Many have said that it has come as a relief to finally KNOW what is going on, to have a diagnosis and a course of treatment outlined. No, we are not crazy or lazy. But where do we start when attempting to convey this journey, diagnosis and its impact on us? How do we articulate to others what we need?
Our lives are composed of different social groups; our partners, family, close friends, acquaintances, co-workers and others that may be on the fringe of our lives. I like to think of these social groups in terms of a bullseye. The outside circle illustrates those we know, perhaps not extremely well, and involves the largest number of others. The inside circle is the smallest and represents those with whom we are closest.
Our approach to explaining Cushing’s may differ depending on how close we are with the other person. We do not need to tell everyone we come in contact with, everything about Cushing’s and its impact on us. In other words, people are different in their need to know. There are those we want to know and others we want or need to understand our personal journey.
First, let’s address explaining what Cushing’s is.
I like to emphasize that it is a rare endocrine disorder. Before I even use the word Cushing’s, I clarify this so that others can already feel a bit informed. Then, when I use the word Cushing’s, they already have the sense that this is rare and that is why they may not have heard of it. I find that this cuts down on the confused blinking that often comes after I use the term Cushing’s. Depending upon who I’m telling and their need to know, I may even stop after “rare endocrine disorder” to prevent my own frustration when they tell me they knew a dog once who had Cushing’s.
Second, I say, “I’d be happy to answer any questions you have.” Some will want more information and some will not.

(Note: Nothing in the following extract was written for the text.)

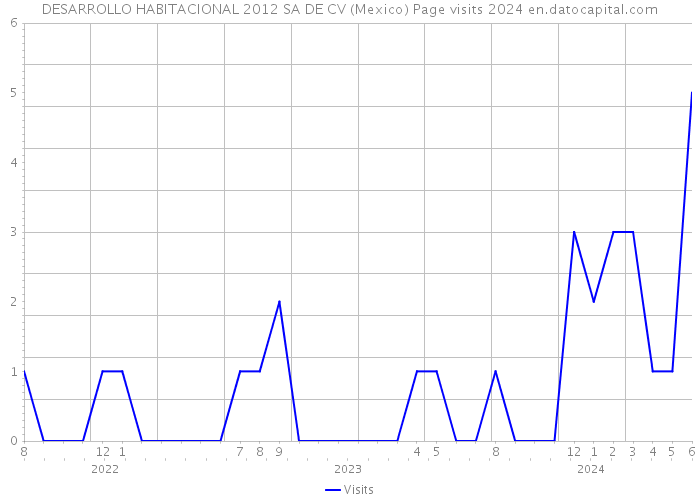 DESARROLLO HABITACIONAL 2012 SA DE CV (Mexico) Page visits 2024 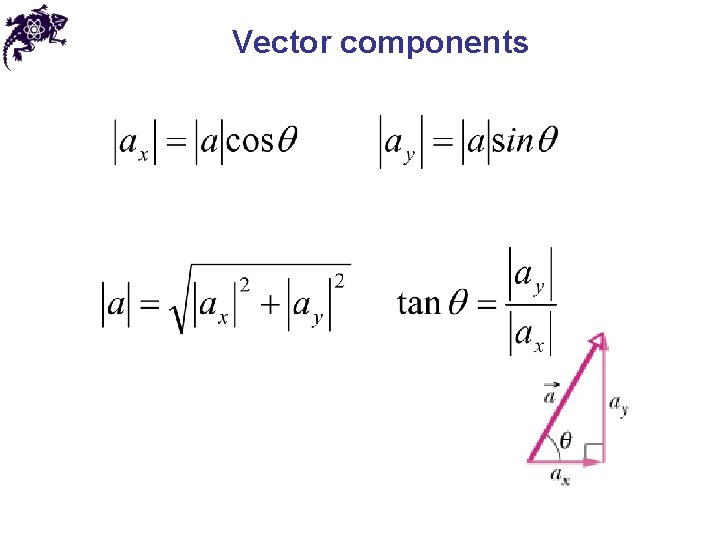 Vector components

For those that I want to have a more in depth understanding, I direct them to the CSRF website, specifically the Patient Pamphlets, Understanding Cushing’s – The Basics and Tips for Caretakers. Or I may print some of those items and hand them to others. Once they have read this, they may ask me more questions or choose to peruse the website further. I prefer this to someone making a mad dash to Google as that can be overwhelming and in some cases, results in misinformation.
After treatment, many have said that their friends and family think they should immediately be feeling well. It is well recognized that recovery from Cushing’s can be slow and difficult and that during recovery, most patients will experience limitations. How do we explain that to others?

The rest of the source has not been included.